Mir wurde die Software WinMod zur verfügung gestellt, doch damit kann man meines Erachtens nach nur die Maschine selber implementieren aber keine Steuerung.
Jetzt meine Frage.
Da die Step7 Software ja relativ teuer ist habe ich gedacht ich besorge mir WinSPS s7 4.37 als Demo.

Und jetz wollte ich fragen, ob es irgendwelche Tutorials oder Ähnliches gibt um mit so einer Steuerungsprogrammierung anzufangen. Ich habe leider noch keinen blassen Schimmer wie das abläuft.
Ist WinSPS überhaupt zu empfehlen? 

Danke für die Infos Klist


----------



## falke69 (15 Juni 2009)

Mit WinMOD kannst Du die Signale der Feldgeräte simulieren und zusätzlich Logik hinter die I/O legen.

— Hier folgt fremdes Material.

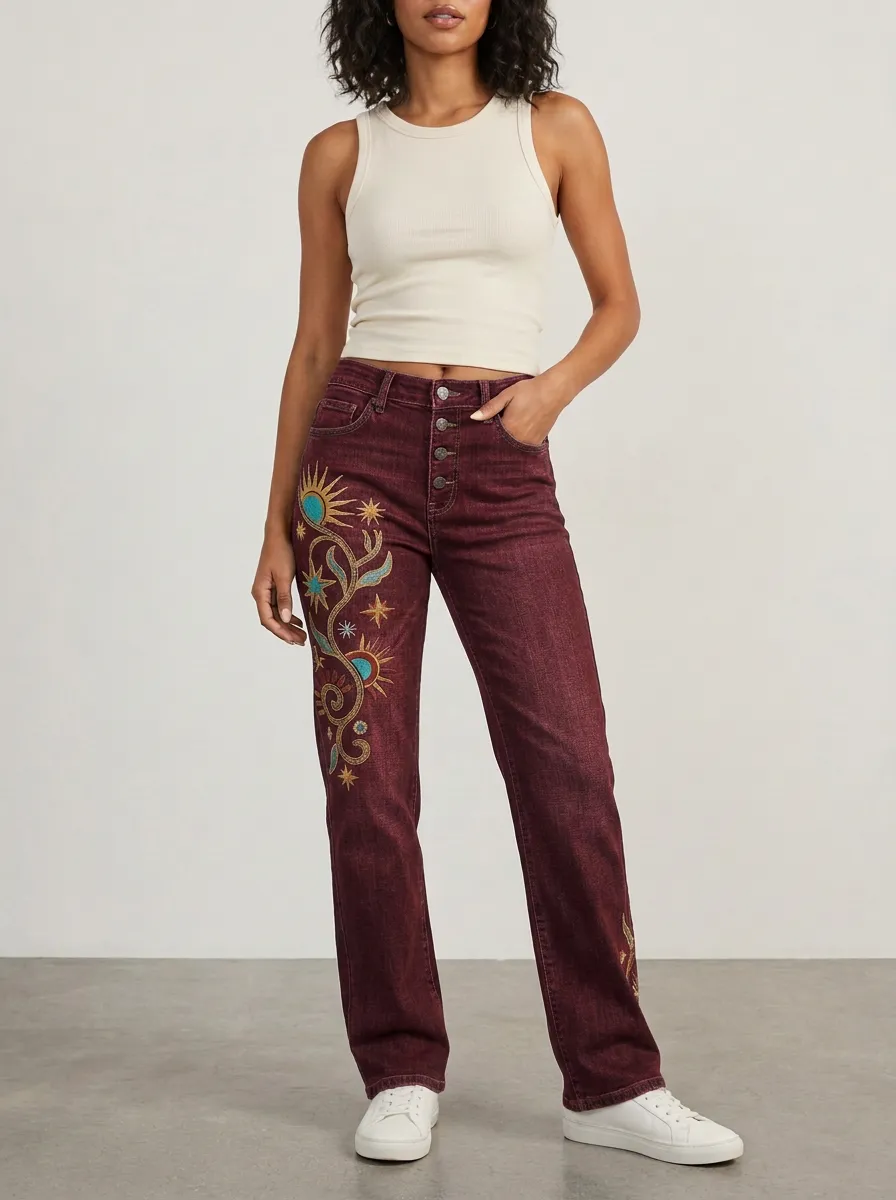 Women's Celestial Sun Star Embroidered Printed Straight Leg Jeans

z.B. Wenn Ein Ventil öffnet lässt Du ein Integrationsglied hoch-/runterintegrieren und gibst den Wert dann auf einen Analogeingang für eine Füllstandsmessung zurück.

Zur Programmierung der SPS brauchst Du so wie Du geschrieben hast die erwähnten Programme.

Eine andere Frage: Du bist Werksstudent ? Stellt Dir Dein Arbeitgeber die benötigte Software nicht zur Verfügung ?


----------



## klist (15 Juni 2009)

Doch doch, nur wird es noch dauern bis er das WinSPS kauft, deswegen habe ich erstmal die Demo installiert.
Und gibt es irgendwelche Anleitungen wie ich mit sowas anfangen kann? und wie ich dann WinMod projekte mit den WinSPS programmen verbinden kann?

danke


----------



## falke69 (16 Juni 2009)

> So habe heute mal angefangen mit der WinSPS zu arbeiten. Habe mir dazu diese Unterlagen von der Seite geholt und hab jetz auch ein wenig angefangen. Und das erste Programm mitgeschrieben. Aber ich kapiere noch nicht so ganz wie ich das jetz mit dem WinMod in Verbindung bringe.
> 
> Habe zum Beispiel in Winmod einen Behälter der befüllt werden soll solange nicht die maximale Füllhöhe erreicht ist. Ist diese erreich geht das Ventil aus. Sollte durch den Abfluss was abfließen muss das Ventil wieder geöffnet werden und der Füllstand wieder eingestellt werden.
> 
> ...




Also:

WinMOD wird meist über Profibus an die CPU angebunden. Dazu ist in dem PC, auf dem WinMOD installiert ist, eine Karte gesteckt. Diese verbindest Du zu Deiner CPU über Profibus auf die Profibus DP Schnittstelle.

Dann musst Du die Kommunikation in der Hardwarekonfig der SPS und in WinMOD identisch konfigurieren. Wie, das steht in der Doku von WinMOD.

Wie sich die Ansteuerung des Ventils verhält, das programmierst Du in der SPS. Wie sich der Füllstand verhält, programmierst Du in WinMOD.

Hoffe, das hilft Dir etwas.


----------